Network engineers have been concerned with similar issues for a long time. IETF RFC 3393 addresses measurement of packet delay (latency) variations for IP Performance Metrics. Interestingly, it deprecates use of the term “jitter” due to ambiguity. It views latency as a distribution whose statistics are inferred from measurements. Network emulators are commonly used in development of networking products. Statistical parameters of the distribution are then used to configure the emulated test conditions. In that case, testing confidence is improved by long enough tests and importance sampling (stress testing). Repeatability in statistical tests can be achieved by using pseudo-random sequences.

Would one use a third party testing company for field testing?

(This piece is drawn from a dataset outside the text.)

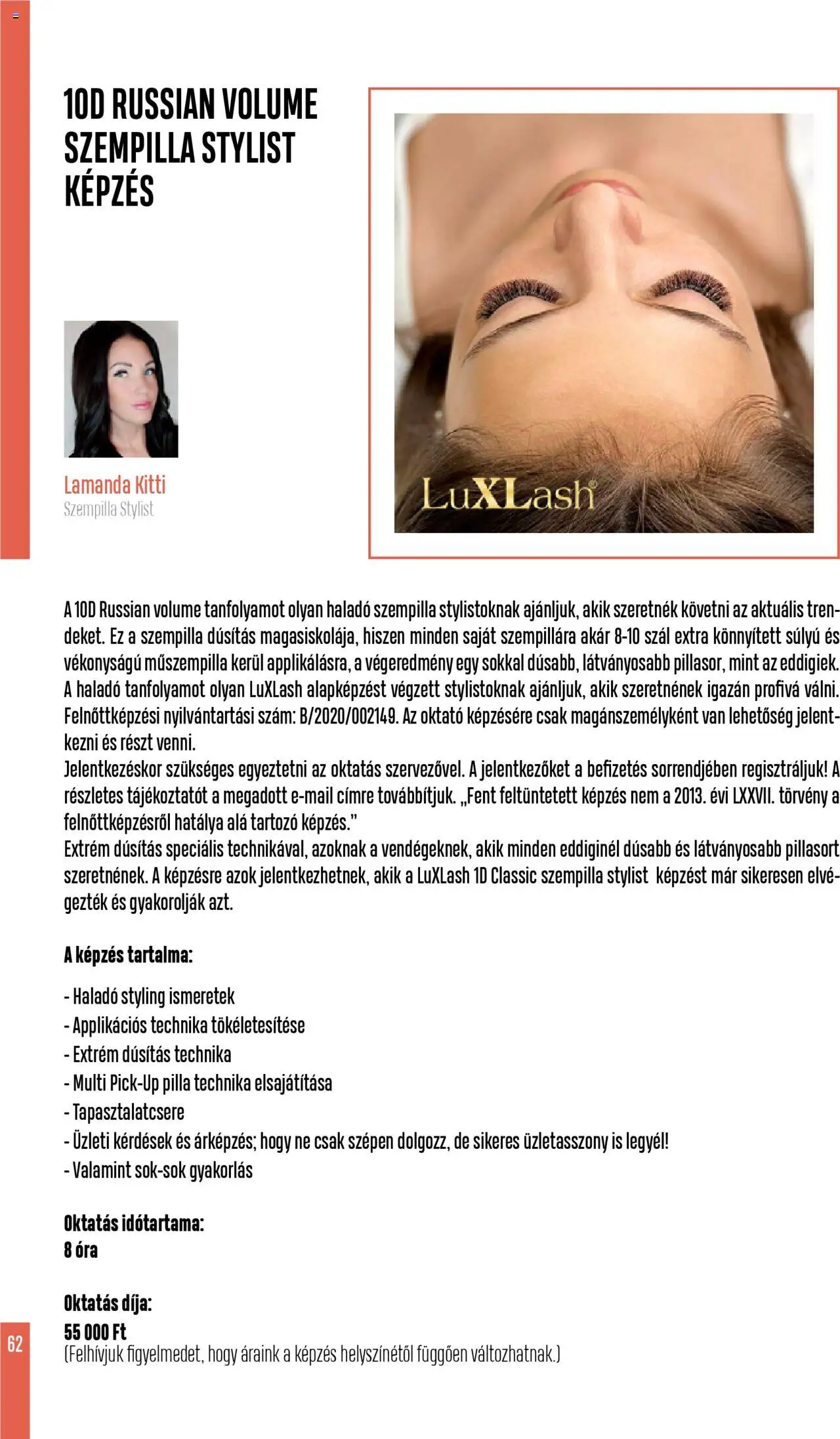 Crystal Nails akciós ujság - amely érvényes a következő dátumtól: 01.06.2025 | Oldal: 62 | Termékek: Műszempilla, Óra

Note that wireless LANs (WiFi) and wireless access (Mobile, Microwave, Satellite) are different kinds of beasts.
Testing over WiFi is reasonably simple, as all you need is a few kinds of hardware adapters and access points, covering the main chipsets and vendors in the market.
Testing wireless last-mile connectivity is harder, because it varies so much based on locale.

Many game developers who target console games let the platform owners (Microsoft, Sony, Nintendo) do the testing/validation. If you enter into the developer program for those platforms, you will receive recommendations that they have developed, and that they will test your game against to certify it for compliance for each platform. Because of the gatekeeper function of those companies, it's their requirements, not on-ground requirements, that matter.

Testing cellular is harder, although you can get a few different phones or cell modems with different technologies (GPRS, 3G, 4G, LTE, WiMax, etc) and drive around town to find different levels of reception, and then run a test through those set-ups.
You may also be able to use crowd-sourcing solutions, like odesk, freelancer, etc, to run tests for you if you can clearly define the tasks and reports you need.

I doubt most game developers go to that length, though. The big ones know their networking works because they certify for the consoles and likely use very similar code for PC. The small ones have bigger problems to worry about, and probably make do with a soft network emulators like netem or wanem or gns3 or whatever. Make some educated guesses (up to 500 ms round-trip latency, up to 100 ms jitter, emulate 10% packet loss, limit bandwidth at 256 kilobit, or whatever) and call it good when it works.

Thanks again for your insight into the industry.

Latency on WiFi connections is actually just as high and variable as on cellular networks. This is due to the quality of the radio channel (fading) and the traffic, and has little to do with the hardware involved. Recent data collected over a 6-month period by OpenSignal demonstrates this point and is summarized here: http://opensignal.com/blog/2014/03/10/lte-latency-how-does-it-compare-to-other-technologies/

OpenSignal collects data from over 1.2 billion WiFi points and 800,000 cell towers.

Our limited testing confirms this as well: http://sugarcanegames.com/latencysummary2.html

This is due to the quality of the radio channel (fading) and the traffic, and has little to do with the hardware involved

I agree -- the fact that it's radio doesn't change between vendors. Unfortunately, it is also the case that some vendors hardware and drivers and firmware is better than others, and the race-to-the-bottom in cost which drives the US market means that some vendor that was great last year, may have a dud the next year :-(
If you then want to support Linux, your woes multiply.